Chris Smith, the expert from the Federal Aviation Administration (FAA) Technical Center who led the intrusive inspection team’s effort, countered that ugly facts have not been swept under the rug of bureaucratic formalism. "Nowhere did we reinvent the data or results," Smith said flatly.

Second, Small Aircraft

The inspections of smaller twinjets, completed late last year, revealed numerous cases of chafing, split insulation, dirt, chemical contamination and inadequate separation of wiring from structure and flammable materials. In many cases the wiring installations violated approved practices. More than 2,200 individual wiring-related discrepancies were found, including breached insulation, metal shavings embedded in bundles, wires tied to fuel lines and tied to hot air pipes. None was deemed a "safety of flight" issue–a matter of judgment; but, at the very least, the more serious discrepancies fall under the heading of latent hazards.

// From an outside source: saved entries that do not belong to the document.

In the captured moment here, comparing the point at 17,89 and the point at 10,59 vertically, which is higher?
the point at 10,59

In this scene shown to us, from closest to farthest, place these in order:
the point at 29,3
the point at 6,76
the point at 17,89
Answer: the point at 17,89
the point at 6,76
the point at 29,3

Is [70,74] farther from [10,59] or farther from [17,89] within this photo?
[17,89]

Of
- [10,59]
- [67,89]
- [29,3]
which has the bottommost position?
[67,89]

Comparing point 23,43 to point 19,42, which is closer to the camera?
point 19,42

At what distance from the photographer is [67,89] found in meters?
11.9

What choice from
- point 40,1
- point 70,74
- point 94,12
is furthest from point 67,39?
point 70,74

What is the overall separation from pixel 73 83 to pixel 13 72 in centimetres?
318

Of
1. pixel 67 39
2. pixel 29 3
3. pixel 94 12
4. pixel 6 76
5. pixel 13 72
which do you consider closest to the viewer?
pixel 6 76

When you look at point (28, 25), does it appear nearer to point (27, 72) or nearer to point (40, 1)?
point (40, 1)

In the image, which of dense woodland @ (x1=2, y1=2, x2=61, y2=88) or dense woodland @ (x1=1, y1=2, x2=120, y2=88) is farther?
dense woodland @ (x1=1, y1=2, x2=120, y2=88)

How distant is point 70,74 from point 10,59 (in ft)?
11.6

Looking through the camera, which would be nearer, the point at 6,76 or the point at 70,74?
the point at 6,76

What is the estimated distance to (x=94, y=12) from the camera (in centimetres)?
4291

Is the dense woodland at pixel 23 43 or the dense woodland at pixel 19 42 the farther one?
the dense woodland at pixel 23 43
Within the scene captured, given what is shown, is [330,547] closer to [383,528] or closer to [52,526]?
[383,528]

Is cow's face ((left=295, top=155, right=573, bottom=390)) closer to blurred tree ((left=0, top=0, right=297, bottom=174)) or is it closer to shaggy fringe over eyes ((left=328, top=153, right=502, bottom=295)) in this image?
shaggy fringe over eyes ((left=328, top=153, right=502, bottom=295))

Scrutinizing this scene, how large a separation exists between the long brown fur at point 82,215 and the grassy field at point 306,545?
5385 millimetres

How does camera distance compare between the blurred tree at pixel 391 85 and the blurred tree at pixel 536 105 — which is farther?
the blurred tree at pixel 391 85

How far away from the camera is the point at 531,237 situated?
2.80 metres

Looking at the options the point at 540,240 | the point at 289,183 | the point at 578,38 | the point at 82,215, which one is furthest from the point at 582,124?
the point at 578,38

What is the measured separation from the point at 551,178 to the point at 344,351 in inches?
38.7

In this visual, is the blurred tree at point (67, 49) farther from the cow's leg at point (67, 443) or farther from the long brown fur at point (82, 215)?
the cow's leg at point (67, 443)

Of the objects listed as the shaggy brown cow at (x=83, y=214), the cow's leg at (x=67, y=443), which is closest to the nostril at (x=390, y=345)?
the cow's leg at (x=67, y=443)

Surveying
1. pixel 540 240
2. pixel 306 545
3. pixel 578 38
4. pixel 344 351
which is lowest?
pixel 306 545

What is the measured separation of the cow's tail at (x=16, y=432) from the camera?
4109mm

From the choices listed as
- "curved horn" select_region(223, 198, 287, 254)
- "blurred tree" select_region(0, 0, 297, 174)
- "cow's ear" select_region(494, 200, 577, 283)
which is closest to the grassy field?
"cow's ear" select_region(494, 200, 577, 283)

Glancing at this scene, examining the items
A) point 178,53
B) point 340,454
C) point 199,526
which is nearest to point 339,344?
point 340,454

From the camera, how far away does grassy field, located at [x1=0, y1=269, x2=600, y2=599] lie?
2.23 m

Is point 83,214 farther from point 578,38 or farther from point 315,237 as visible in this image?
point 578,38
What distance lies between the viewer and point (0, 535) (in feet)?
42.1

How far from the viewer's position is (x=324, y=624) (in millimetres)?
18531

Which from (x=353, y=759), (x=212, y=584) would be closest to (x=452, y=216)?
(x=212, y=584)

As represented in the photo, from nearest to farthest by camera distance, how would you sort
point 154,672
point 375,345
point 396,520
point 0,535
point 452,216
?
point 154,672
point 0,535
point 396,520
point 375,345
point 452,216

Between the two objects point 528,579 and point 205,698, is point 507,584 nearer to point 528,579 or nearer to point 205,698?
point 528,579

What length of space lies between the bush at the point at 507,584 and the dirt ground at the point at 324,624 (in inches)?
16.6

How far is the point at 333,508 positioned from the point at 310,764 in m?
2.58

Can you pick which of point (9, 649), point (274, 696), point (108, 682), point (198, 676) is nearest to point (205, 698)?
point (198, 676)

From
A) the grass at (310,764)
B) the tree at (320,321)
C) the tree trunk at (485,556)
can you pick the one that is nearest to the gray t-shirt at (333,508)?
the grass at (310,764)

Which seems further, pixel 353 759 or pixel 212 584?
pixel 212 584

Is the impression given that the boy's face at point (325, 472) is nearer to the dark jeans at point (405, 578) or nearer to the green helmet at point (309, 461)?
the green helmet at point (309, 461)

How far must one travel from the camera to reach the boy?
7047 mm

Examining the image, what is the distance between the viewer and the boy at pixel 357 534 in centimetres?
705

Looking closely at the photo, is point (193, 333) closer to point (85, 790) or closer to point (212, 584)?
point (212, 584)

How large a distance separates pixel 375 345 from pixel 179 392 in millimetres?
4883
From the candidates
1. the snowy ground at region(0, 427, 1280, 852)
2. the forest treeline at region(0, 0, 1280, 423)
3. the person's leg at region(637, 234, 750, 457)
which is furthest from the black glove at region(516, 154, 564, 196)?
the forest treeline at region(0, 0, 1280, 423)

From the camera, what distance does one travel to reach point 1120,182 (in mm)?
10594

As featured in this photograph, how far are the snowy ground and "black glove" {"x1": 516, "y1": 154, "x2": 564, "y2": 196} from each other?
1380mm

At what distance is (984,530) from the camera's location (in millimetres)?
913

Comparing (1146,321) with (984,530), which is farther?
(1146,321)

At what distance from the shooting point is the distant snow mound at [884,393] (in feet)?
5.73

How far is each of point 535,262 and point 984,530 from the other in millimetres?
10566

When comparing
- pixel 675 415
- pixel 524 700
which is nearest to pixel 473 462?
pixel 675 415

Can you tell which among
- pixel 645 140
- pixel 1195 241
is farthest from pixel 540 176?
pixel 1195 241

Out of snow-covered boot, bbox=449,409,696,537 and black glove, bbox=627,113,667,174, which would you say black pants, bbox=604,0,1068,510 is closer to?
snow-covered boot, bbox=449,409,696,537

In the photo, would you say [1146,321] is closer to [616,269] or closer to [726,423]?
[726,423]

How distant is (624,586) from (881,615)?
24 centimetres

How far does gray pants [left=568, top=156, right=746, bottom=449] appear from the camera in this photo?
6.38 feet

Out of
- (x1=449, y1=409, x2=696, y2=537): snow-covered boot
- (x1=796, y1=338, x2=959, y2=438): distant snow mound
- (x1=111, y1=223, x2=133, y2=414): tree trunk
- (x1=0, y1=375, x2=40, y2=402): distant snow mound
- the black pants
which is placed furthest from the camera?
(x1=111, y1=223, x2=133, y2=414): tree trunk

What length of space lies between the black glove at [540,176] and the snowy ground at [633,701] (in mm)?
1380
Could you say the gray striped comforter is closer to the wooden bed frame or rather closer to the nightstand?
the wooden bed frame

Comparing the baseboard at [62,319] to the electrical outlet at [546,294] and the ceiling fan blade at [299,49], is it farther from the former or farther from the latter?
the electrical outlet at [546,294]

ATSRAC member Capt. Ken Elias, representing the Air Line Pilots Association (ALPA), put the findings on the large and small jets into context. On the STA inspections, 31 percent of the significant findings were due to wiring conditions, whereas the figure was 35 percent for the LTA inspections.

"The relatively small differences in the data become more meaningful when the extreme airframe hour range and cycle range of the large aircraft are considered," Elias wrote in his commentary on the STA inspection report. "It would be reasonable to assume that the number of items detected…should be significantly less. The [STA] were all operational aircraft, while the large transport inspections were performed on decommissioned [salvage] aircraft," he wrote, referring to the six LTA jets subjected to intrusive wiring inspections.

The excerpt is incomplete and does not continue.